I am currently working on a data warehouse project for Lush Fresh Handmade Cosmetics. They are based in Poole, Dorset in the United Kingdom and have around 900 stores worldwide.
However the underlying data warehouse architecture is not fit for expanding the reporting and analytics requirements that Lush have, hence the project.
We are designing using classic Kimball dimensional modelling principles and in addition to the obvious Date dimension, the ability to measure sales by time chunks is very desirable. In fact the ability to examine store performance in hourly slices is a major feature of the QlikView BI solution currently deployed. Therefore we also need a Time dimension.
One of the compelling things about dimensional modelling and the resultant entities, is the relevant models work across industry sectors. So if you have worked with an insurance star schema before, the model in other insurance companies will have plenty in common.
Sure, you may need a few extra attributes particular to your business, but mostly, after a bit of renaming you are usually good to go for a basic target database. Of course the 80/20 rule kicks in and that 20% customisation will keep you busy.
The book “The Data Warehouse Toolkit : The Definitive Guide to Dimensional Modelling” by Ralph Kimball & Margy Ross, contains quite detailed versions of most of the schemas, explored by industry sector.
I think this simplicity of design speaks volumes for the initial thinking behind the fact and dimension concept. It was originally conceived in the 70s at the Dartmour College, New Hampshire and later developed and exploited so well by Kimball at Red Brick Systems in the mid to late 80s. Red Brick are credited with achieving 10 times the performance of other database vendors via the use of very clever indexing.
It also means that investing in Kimball books gives you access to thorough data models for most of the business sectors you will encounter. Don’t get me wrong; if you don’t understand the models and the method behind them, you stand little chance of loading them correctly or efficiently. However the books do provide excellent best practice tips for getting you started or refining your existing experiences and skills. I can also highly recommend the training courses run by the Kimball Group that are run regularly at various locations around the planet.
So for Lush, we needed to create and populate a DIM_Time table. After defining the table schema, I hunted around on the net to see if anyone had published a script to load it. I found there is surprisingly few examples out there. There are a plenty of schemas and scripts for getting you started with a basic DIM_Date table but not so for a “time” dimension.
Interestingly, whilst Kimball & Ross discuss the function and usage of the time dimension in the latest revision (third edition) of “The Data Warehouse Toolkit”, they don’t describe the schema in any detail.
The Date dimension is common across most star schema databases (most businesses will be interested in ‘when’), so it’s not surprising that examples for it are in good supply. It is great that the BI / ETL community has shared this and many other script examples as it’s such a basic feature of a data warehouse solution and why re-invent the wheel.
Sharing is a growing economic model, especially within the information / programming industries. Recently Jamie Thompson shared his T-SQL code script library on GitHub & his SSIS Reporting Pack on Codeplex and of course Andy Leonards SSIS framework has been available for sometime now, helping SSIS shops wrangle execution and logging of ETL packages. Of course there are plenty of other excellent and prolific bloggers out there and numerous user groups. I have just mentioned the two that I have found most helpful since I have been working with SQL Server.
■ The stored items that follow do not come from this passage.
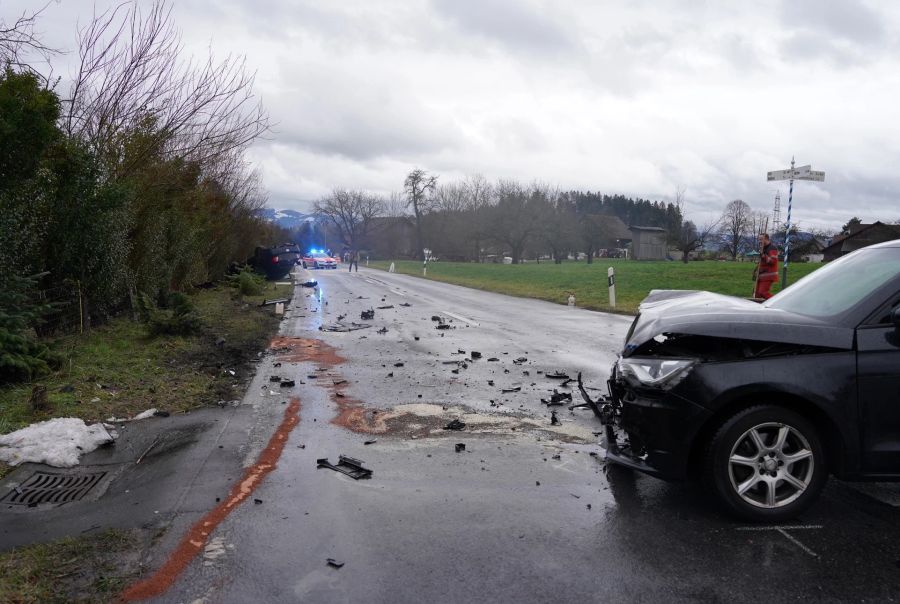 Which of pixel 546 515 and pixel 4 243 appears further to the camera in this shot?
pixel 4 243

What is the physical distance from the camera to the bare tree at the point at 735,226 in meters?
69.9

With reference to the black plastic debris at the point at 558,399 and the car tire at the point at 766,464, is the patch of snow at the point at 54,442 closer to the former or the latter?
the black plastic debris at the point at 558,399

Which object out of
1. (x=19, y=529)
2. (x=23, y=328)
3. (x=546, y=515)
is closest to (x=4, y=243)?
(x=23, y=328)

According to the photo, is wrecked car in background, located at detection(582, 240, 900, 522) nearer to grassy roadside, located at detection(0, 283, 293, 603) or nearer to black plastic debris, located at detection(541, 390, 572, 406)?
black plastic debris, located at detection(541, 390, 572, 406)

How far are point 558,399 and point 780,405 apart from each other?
3180 millimetres

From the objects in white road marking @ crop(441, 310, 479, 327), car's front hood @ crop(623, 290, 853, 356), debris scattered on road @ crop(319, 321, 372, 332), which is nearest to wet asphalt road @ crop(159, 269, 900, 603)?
car's front hood @ crop(623, 290, 853, 356)

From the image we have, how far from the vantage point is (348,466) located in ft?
15.5

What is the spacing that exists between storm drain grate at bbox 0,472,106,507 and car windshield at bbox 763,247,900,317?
5.10 metres

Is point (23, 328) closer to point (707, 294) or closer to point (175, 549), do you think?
point (175, 549)

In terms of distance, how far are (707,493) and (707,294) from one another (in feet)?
9.25

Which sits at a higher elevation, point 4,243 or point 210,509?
point 4,243

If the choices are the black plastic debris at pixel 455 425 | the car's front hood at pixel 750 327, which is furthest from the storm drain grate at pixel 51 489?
the car's front hood at pixel 750 327

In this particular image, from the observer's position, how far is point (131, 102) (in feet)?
37.4

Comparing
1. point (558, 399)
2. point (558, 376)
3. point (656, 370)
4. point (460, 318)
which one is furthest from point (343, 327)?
point (656, 370) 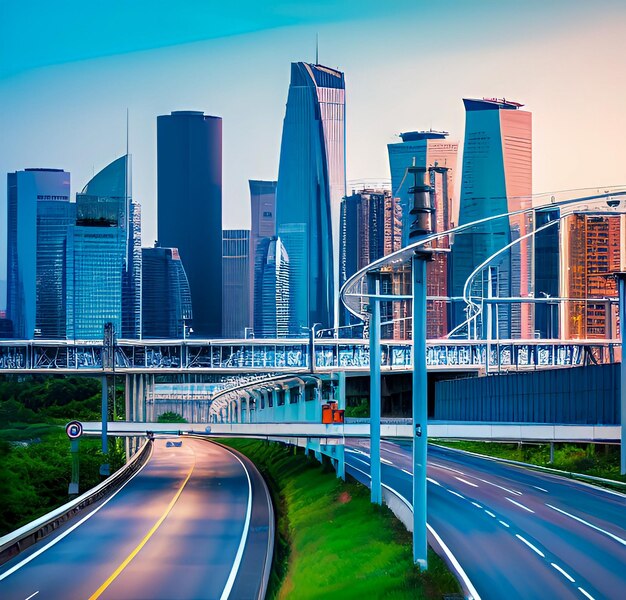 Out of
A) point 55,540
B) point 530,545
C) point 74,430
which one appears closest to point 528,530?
point 530,545

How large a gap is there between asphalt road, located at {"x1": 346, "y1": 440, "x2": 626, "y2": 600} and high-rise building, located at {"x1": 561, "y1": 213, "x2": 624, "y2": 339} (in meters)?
22.5

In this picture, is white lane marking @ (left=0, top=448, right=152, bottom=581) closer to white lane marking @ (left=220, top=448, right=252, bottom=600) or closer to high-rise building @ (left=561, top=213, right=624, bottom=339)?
white lane marking @ (left=220, top=448, right=252, bottom=600)

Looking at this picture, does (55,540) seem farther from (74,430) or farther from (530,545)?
(530,545)

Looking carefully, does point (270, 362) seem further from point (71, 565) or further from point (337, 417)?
point (71, 565)

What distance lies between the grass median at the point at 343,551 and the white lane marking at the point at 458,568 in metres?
0.39

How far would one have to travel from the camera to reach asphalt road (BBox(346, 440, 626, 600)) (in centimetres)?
2945

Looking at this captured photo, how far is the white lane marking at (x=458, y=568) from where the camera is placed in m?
27.9

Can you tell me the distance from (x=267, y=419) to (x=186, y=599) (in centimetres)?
6480

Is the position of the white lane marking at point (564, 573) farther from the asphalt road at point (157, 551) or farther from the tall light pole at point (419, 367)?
the asphalt road at point (157, 551)

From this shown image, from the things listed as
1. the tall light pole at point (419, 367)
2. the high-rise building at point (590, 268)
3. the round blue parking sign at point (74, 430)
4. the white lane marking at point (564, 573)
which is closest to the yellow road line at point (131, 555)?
the round blue parking sign at point (74, 430)

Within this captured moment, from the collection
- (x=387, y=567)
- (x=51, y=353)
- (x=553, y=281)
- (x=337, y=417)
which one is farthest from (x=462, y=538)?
(x=51, y=353)

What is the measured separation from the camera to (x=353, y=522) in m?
43.2

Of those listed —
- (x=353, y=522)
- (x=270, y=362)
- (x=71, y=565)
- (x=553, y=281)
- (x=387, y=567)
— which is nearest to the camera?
(x=387, y=567)

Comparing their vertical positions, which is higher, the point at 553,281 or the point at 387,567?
the point at 553,281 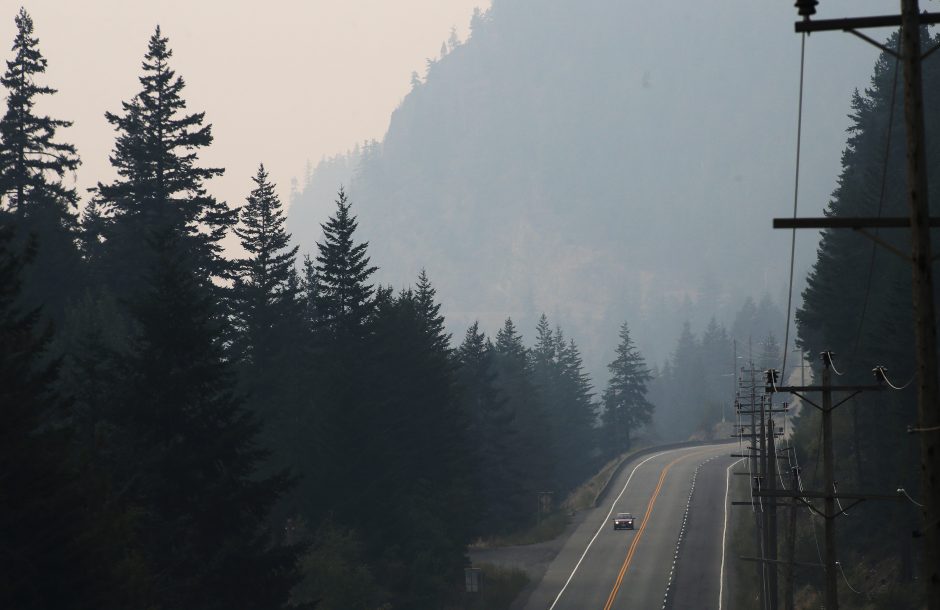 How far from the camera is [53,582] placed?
92.2 ft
At Lush we have benefited from the shared efforts of others so we thought it would be helpful to publish our DIM_Time schema and it’s loader.
We are still building the ETL subsystems so this entity hasn’t seen any live usage yet. Therefore it’s subject to change (I will update it should we revise it) and I am not a rockstar programmer, so I tend to go for ‘readable’, simple code (well, in my mind anyway). If you see ways to improve it then please don’t hesitate to let me know.
Whilst I was creating the downloads, I thought it would also make sense to include our DIM_Date schema and accompanying loader script. I downloaded the original script from the internet about a year ago and unfortunately I can’t locate the original author / link to credit them (if you recognise it as yours please let me know and I will update the script with your details if you wish).
Thanks again to the team at @lushdigital for allowing me to publish this work. Jack and his team have also been very busy and have recently launched the new Lush website “focused on content and ‘deli-style cosmetics’ that aims to communicate the story behind its products and ethical values”. Click here for the full review in Marketing Week.
The dacpac for importing into SSDT is the best method for reviewing, modifying and deploying these SQL Server database entities. Simply download it, unzip it from the archive (if it doesn’t happen automatically) and import it into a new SSDT project. The project was set for a target of SQL Server 2012 although I dont believe any 2012 specific elements are used.
Alternatively, simply download the T-SQL script and apply it to the SQL Server database of your choice (2008 and above due to the use of DATETIME2 data type).
A more complete set of instructions / explanations are available via the “documentation download” link.
I hope it helps and frees up a few hours for you to add value somewhere else in your BI / ETL solution.
As I said earlier, please let me know if there are any bugs or suggestions to improve the code.